Kerk en klasse
Voor biografici bieden deze typeringen als contextuele noties hier en daar prikkelende aanknopingspunten, maar met mate. Via zo'n begrippenkader kunnen biografen bijvoorbeeld worden behoed voor de neiging te verzanden in conceptloze anekdotiek. Kenschetsen van historische omslagen vormen hoe dan ook een nuttig instrumentarium om die valkuil te omzeilen. Daarmee is beslist niet gezegd dat Beckers generatie-theorie voor zoete koek geslikt moet worden. Zijn idee om de typering van een bepaalde generatie op te hangen aan ‘geboorten-cohorten’ die zouden gelden voor een hele landsbevolking, is een zwaar generaliserende en daarmee weinig vruchtbare operatie. De constatering dat een mens tijdens zijn jeugd is blootgesteld aan schokkende gebeurtenissen, impliceert nu eenmaal niet vanzelfsprekend dat die jeugdervaring tot iemands dood toe zou moeten doorwerken.
Beter zou het zijn om van de constatering een probleemstelling te maken.
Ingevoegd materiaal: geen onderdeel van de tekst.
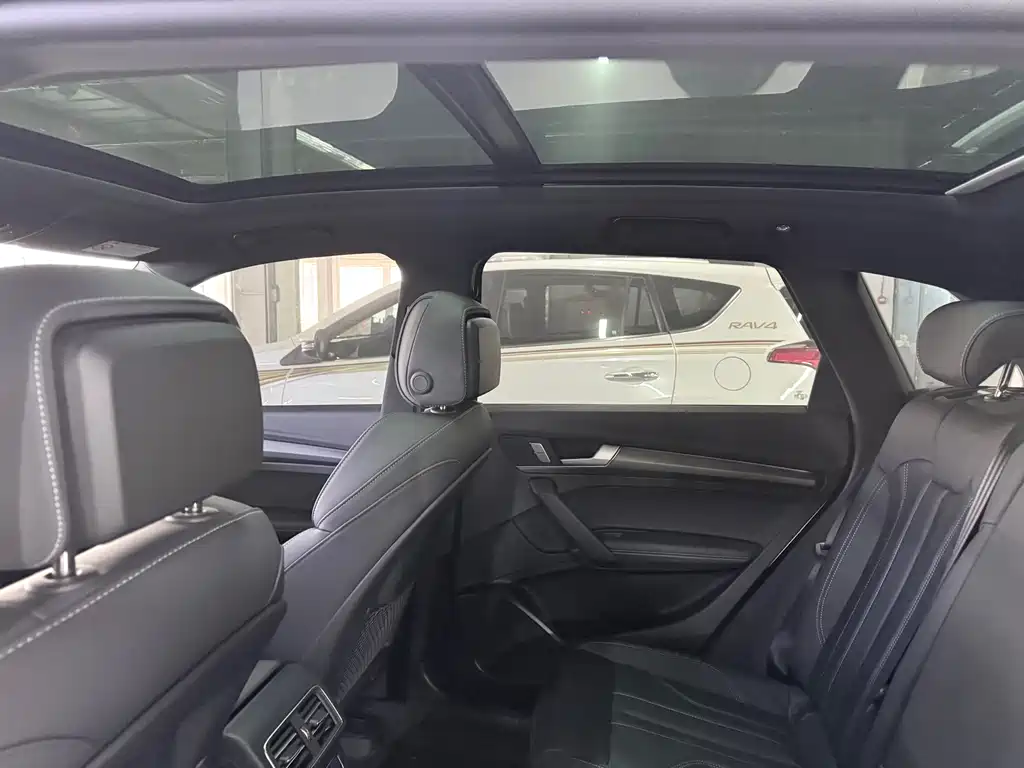 Audi Q5L 2025 40 TFSI Fashionable and Dynamic купить на сайте DeffCars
Wetenschappers en biografen moeten systematisch nagaan, hoe personen de ‘major events’ uit hun jeugd verwerken en hoe zij de herinnering eraan koesteren. Ook is het belangrijk om uit te zoeken welke personen of groepen zich door historische processen uit hun jeugd ingrijpend lieten beïnvloeden. Het is immers niet waarschijnlijk dat die beïnvloeding voor alle bevolkingsgroepen in gelijke mate zou gelden. Differentiatie van groepen leeftijdsgenoten op grond van zaken als godsdienst of sociale positie is noodzakelijk, vóórdat het begrip ‘generatie’ als theoretisch concept op tafel komt. Bovendien is een uitgesproken subjectieve aanpak van de generatie-problematiek gewenst.
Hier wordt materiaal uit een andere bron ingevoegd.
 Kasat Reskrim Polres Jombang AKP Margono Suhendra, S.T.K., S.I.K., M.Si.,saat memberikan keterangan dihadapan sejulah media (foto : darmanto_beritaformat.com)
Op dit punt komt - in wisselwerking met de sociologie - de biografica zèlf als hulpmiddel om de hoek kijken. Want op grond van de analyse van grote aantallen individuele levenslopen kan een bepaalde ‘leeftijds-cohort’ strakker omlijnd worden. Dus niet het tijdsbestek van de jeugd als zodanig, maar veeleer gezamenlijk doorgemaakte, concrete ervaringen - zoals politieke acties of een collectief beleefde jeugdcultuur - bestempelen een ‘sociologische groep’ tot een afzonderlijke generatie.